June 4th, 2002. The White Stripes at The Fillmore West, San Francisco. The Rollei 35 was chosen for this show based almost exclusively on its size…and partially for its inherent “cool factor,” I was after all, going to witness rock n roll.
And just look at it! It’s black! It’s chic, it’s sleek, it’s petite! It’s incredibly sexy!
It’s ergonomic too, and it’s got a famed Carl Zeiss lens (yes there are different versions constantly up for internet debates…but…whatever), and it’s German! How much cooler can you get!?
And most importantly, it takes fantastic pictures!
But like many now antique cameras…it’s also a pain-in-the-ass.

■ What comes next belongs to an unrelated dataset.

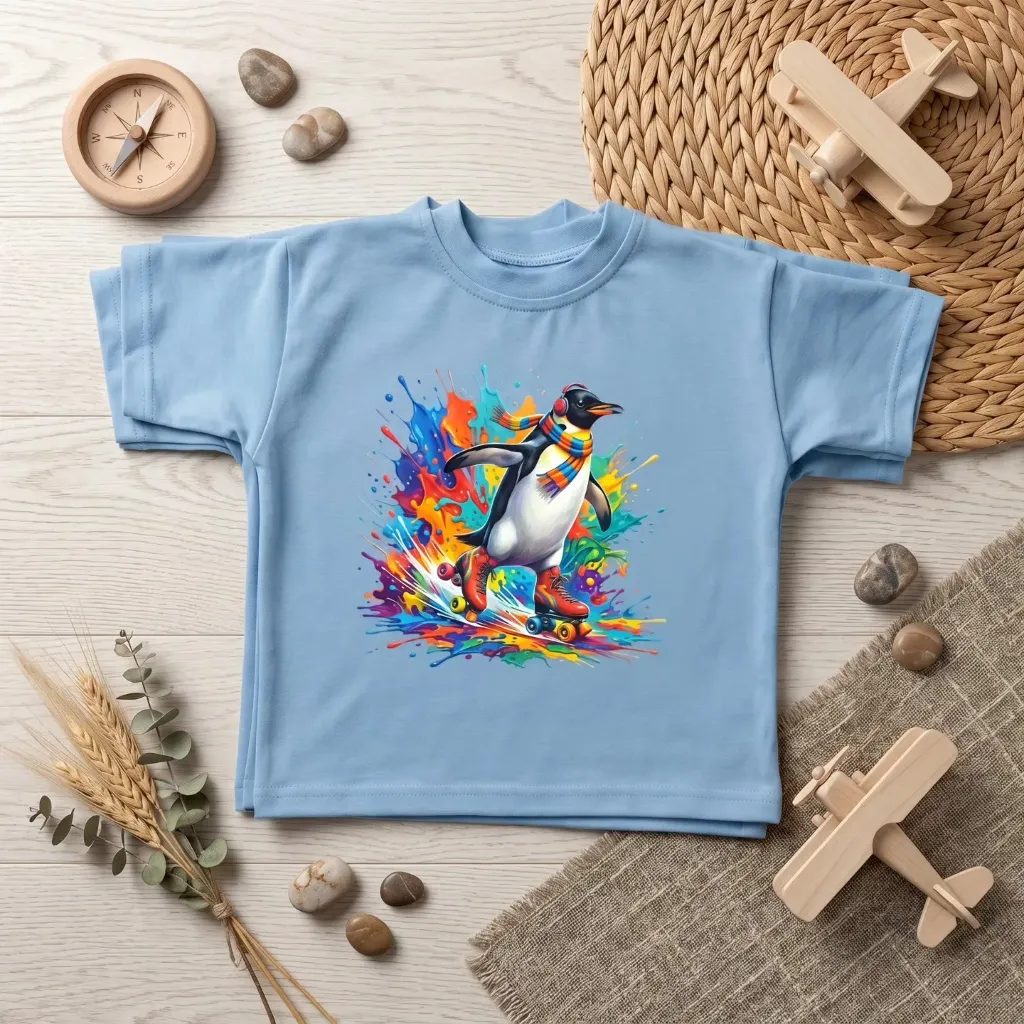 Boys T-shirt with penguin print (86/92)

The Rollei 35 was designed to be compact and pocketable, but even for its size it’s quite the tight fit in the pants. And due to the various protrusions on every side of the camera it’s easily snagged on literally anything during entry or exit of a pocket. Unless you opt for cargo pants. But the camera is fairly solid for its size and constantly tugs them downwards, attacking your shins…like a child, desperate for attention.
There’s always cargo shorts…in public? Not even God can pardon that high crime, thankfully.
You could put the Rollei 35 in your jacket pocket or get the dedicated wrist-strap. But the thing has a tendency to flail around in bouts of tourettes-like spasms, willfully in danger of lashing out at the face of the drunken scenester next to you…himself flailing around in bouts of tourettes-like spasms.
Unfortunately, the camera would not be the one to survive that potentially necessary interaction. Thankfully the Rollei 35 is comfortable in the hand…unobtrusive…an extension almost.
Because everything from extending the lens, to zone focusing, to loading/unloading film, to advancing the film with the left-handed lever (groan), to adjusting the shutter speed or aperture dials (located on the front of the camera) is a delicate, two-handed, time-consuming task.
But, like any other fully manual, unilluminated camera, once you set it you can forget it. Thus, making it especially usable at an indoor venue with minimal lighting, in which you shouldn’t be doing much fiddling with a camera anyway. After all, you’re there to witness rock n roll. Just take the picture. And hold on tight.
The Rollei is awkward, slow, has an overly dramatic case of identity crisis, and my light meter has never quite properly worked. I take it out on random adventures shooting half the roll only to then shelve it for another nine months, forgetting entirely where it had last seen any action. I’ve owned this camera for over twenty years and I still can’t seem to bring myself to have it repaired, replaced, or removed from my collection. It’s not meant as a substitute for a Leica M or Nikon F or anything of that caliber, it’s meant to just take pictures. And maybe catch some sly looks on the side. Both of which it is highly capable…once you get beyond the array of fussy and often maddening operations.
Which makes the Rollei 35 the perfect camera to photograph The White Stripes.
The rock n roll duo operated under strict guidelines of simplistic and spontaneous garage rock authenticity, but presented a visual style that was methodical and unyielding. Their sibling backstory was an elaborate ruse, yet it was delivered with such sincerity that it later became another book of their gospel.
Jack was a virtuosic guitar player, while Meg’s drumming was innocent and childlike. They crafted singable songs about school yards, candy canes, bowling balls, and best friends using infinitely frustrating-to-play pawnshop instruments from decades past. There was the trimodal approach to color, instrumentation, and even their name, but the band consisted of just two people.
Everything about The White Stripes was aimed at misdirecting you from preconceived ideas and personal truths and onto universal themes lying within the heart of their most important aspect, the music.
I wish I could say that I knew what I was doing by pushing the now defunct Fuji Provia 400x up two stops, but I can’t, because I didn’t. And I definitely had no idea that the already narrow latitude of this slide film would have such a dramatic effect on the final images, eliminating the unnecessary stage pieces leaving the players vulnerable and isolated.
Appropriate for the band in 2002, though.
Had these pictures seen the light-of-day nineteen years ago it’s possible only handfuls of devotees would recognize the peppermint-swirled band emerging from the shadows of Southwest Detroit. They had yet to appear on SNL, “Seven Nation Army” wouldn’t punch the world square in the jaw until the following April, and a tour of all ten Canadian provinces was another five years away. But looking at them now there is no mistaking the bombastically shy Meg or the frenetic, nimble-fingered Jack for anyone other than The White Stripes.
Taken with a Rollei 35, itself accepting no substitutes.